I got this and have it on hold for now.  I think that it is pretty good, points are a little high.?  OK resort?


 Wyndham Westwinds (#2178)  
Travel Dates
07/05/2013 - 07/12/2013     Kitchen
Full    Unit Type
2 Bedrooms  
Privacy/Max Occupancy
4/6     RCI Points Value
63000  

<


----------



## lcml11 (Dec 27, 2012)

tlguinn_2000 said:


> I got this and have it on hold for now.  I think that it is pretty good, points are a little high.?  OK resort?
> 
> 
> Wyndham Westwinds (#2178)
> ...



Westwinds is my favorate resort in the Wyndham System on the Beach.  It does not have the hustle and bustle of some of the other Myrtle Beach Resorts.  It has great beach front that never has had a lot of people on it due to its location when I have been there.  I have never been there in the summer, but I think it is probably the same in summer.  I do not think you will regret your choise.

For whatever it is worth, I just checked Westwinds for your dates and did not see any availability at this resort through Club Wyndham Plus for the owners.  The way you went in though RCI Points may be the best route available at this point.  It is truely a great resort.


----------



## antjmar (Dec 27, 2012)

lcml11 said:


> Westwinds is my favorate resort in the Wyndham System on the Beach.  It does not have the hustle and bustle of some of the other Myrtle Beach Resorts.  It has great beach front that never has had a lot of people on it due to its location when I have been there.  I have never been there in the summer, but I think it is probably the same in summer.  I do not think you will regret your choise.
> 
> For whatever it is worth, I just checked Westwinds for your dates and did not see any availability at this resort through Club Wyndham Plus for the owners.  The way you went in though RCI Points may be the best route available at this point.  It is truely a great resort.



I agree with the above great updated resort. I have been there in summer and not crowded. Pool a bit small but you are so close to the ocean! 7/5 check in should get you a room on the  4th or 5th floor.


----------



## lcml11 (Dec 27, 2012)

antjmar said:


> I agree with the above great updated resort. I have been there in summer and not crowded. Pool a bit small but you are so close to the ocean! 7/5 check in should get you a room on the  4th or 5th floor.
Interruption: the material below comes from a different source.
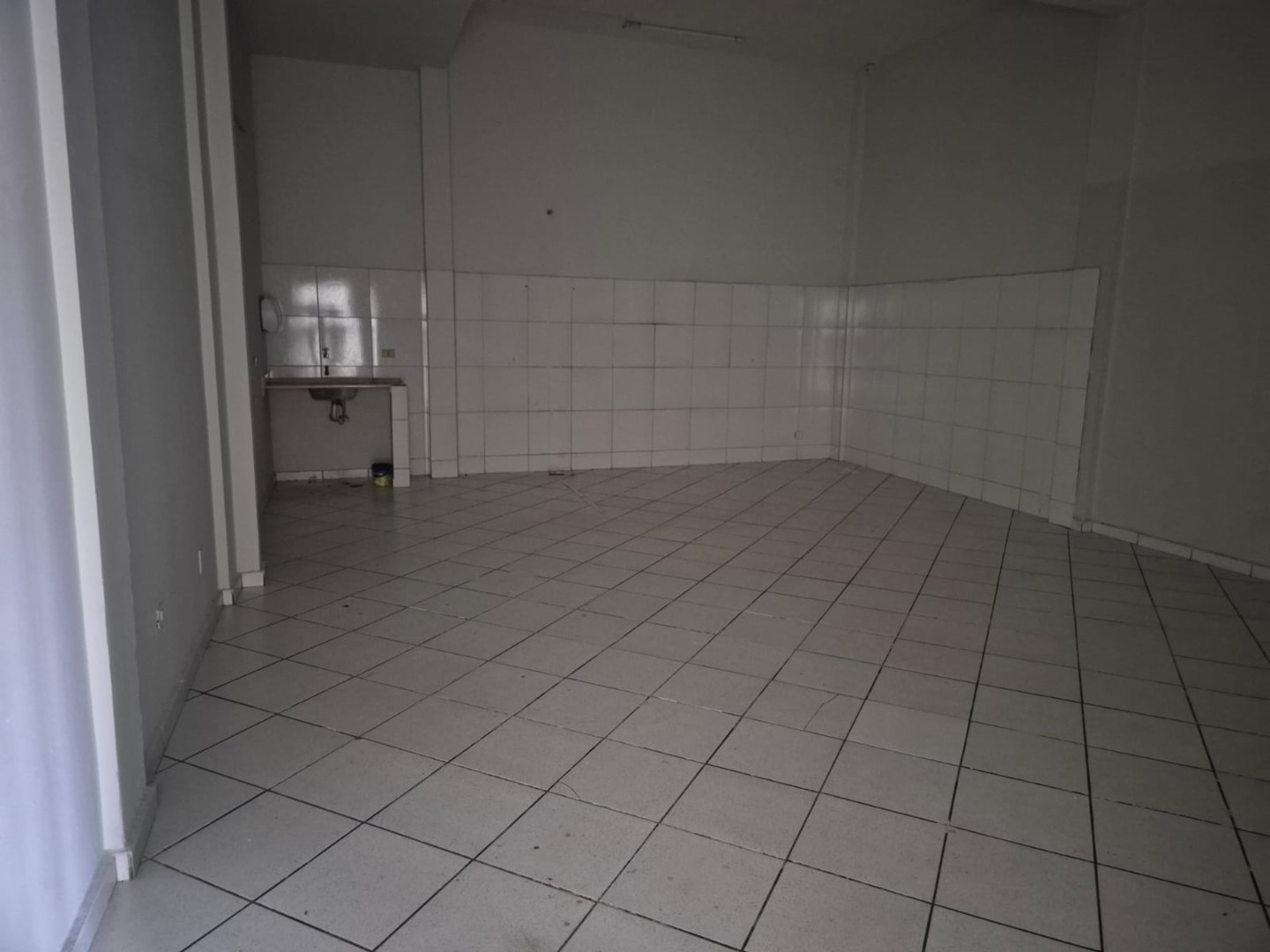 Salão para locacao no Igapo em Londrina com 0m² por R$ 2.800,00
All rooms with the view of the Ocean, I might add.  Just checked the Wyndham site for owners, no week availablity in June, July, early August for Westwinds except June 1 and 2 for start dates.


----------



## tlguinn_2000 (Dec 29, 2012)

tlguinn_2000 said:


> I got this and have it on hold for now.  I think that it is pretty good, points are a little high.?  OK resort?
> 
> <



I confirmed this reservation yesterday, so will be there in July.



antjmar said:


> 7/5 check in should get you a room on the  4th or 5th floor.



4th or 5th floor would be great.  Can you call at some point and request a floor?  7-5-2012 is on a Friday, does that mean you have a better chance of getting the floor you want because most of the people come in on Saturday?
<


----------



## tlguinn_2000 (Dec 29, 2012)

lcml11 said:


> All rooms with the view of the Ocean, I might add.



I was reading on TripAdvisor and some said 





> So I was totally shocked when I received a room that over looked a roof top. This momma was not happy. Wyndham should tell you when making the reservation that you are not going to get an ocean front room.


.When and how can you request an oceanfront room?


----------



## pedro47 (Dec 29, 2012)

Has anyone stayed at the Dunes Village Resort, it is also located on the beach ?


----------



## lcml11 (Dec 29, 2012)

tlguinn_2000 said:


> I was reading on TripAdvisor and some said .When and how can you request an oceanfront room?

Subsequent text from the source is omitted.